# PC to TV connection help



## justinmac1984 (Mar 12, 2009)

I bought DVI to HDMI to connect my PC to my 46" TV. The picture works fine both as the only screen or as multi screen. The problem I am having is I cant get the sound to come from the TV. I have a separate wire for the sound but nothing I seem to do will make it work. There is a certain spot to plug them in in back of the TV which they are in the right spot so I think it has something to do with the PC side.


----------



## Tekmazter (May 22, 2008)

Let me try and explain this ... when you're using your HDMI input on your TV, your TV is going to be taking audio from the HDMI interface *only*. Since you're using DVI which doesn't carry audio and running that to the TV you're not going to get anything out of any other audio ports while you have the input of HDMI selected. 

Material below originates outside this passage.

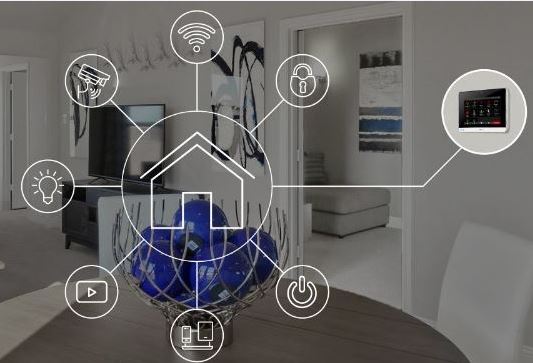 Smart Home Control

What you need to do is get a receiver and wire the audio out from your PC to that. Then hook that to your speakers

In my case I have a Windows Media Center box with an HDMI out on the video card. I run that directly to my TV. *HOWEVER*, I wanted to leverage my high end creative labs card for audio out. So, I disabled the audio driver on my HDMI out on the PC and instead use my Creative Labs card. Out from my PC all audio goes to a Sony receiver which I have some decent mid range speakers and a sub hanging off of.


----------



## justinmac1984 (Mar 12, 2009)

I wanted to hook the sound right to the TV. I have a separate wire to go from the PC to TV, the same kinda wire that you would use for regular computer speakers. I have an adapter to plug that to my TV. In my TVs manual thats how it says to hook it up. It just seems no matter what spot I plug it into on my computer it doesnt work, even when I plug it to the spot where my computer speakers usually are.


----------



## yustr (Sep 27, 2004)

That's because, as Tek said, when your TV has something connected via HDMI it must expect to get audio from that too. So it shuts every other input off. (Note: HDMI has both video and audio - while DVI only has the video part.) Try the menus on the TV and see if you can't tell it to keep the other inputs active when HDMI is being used for video.


----------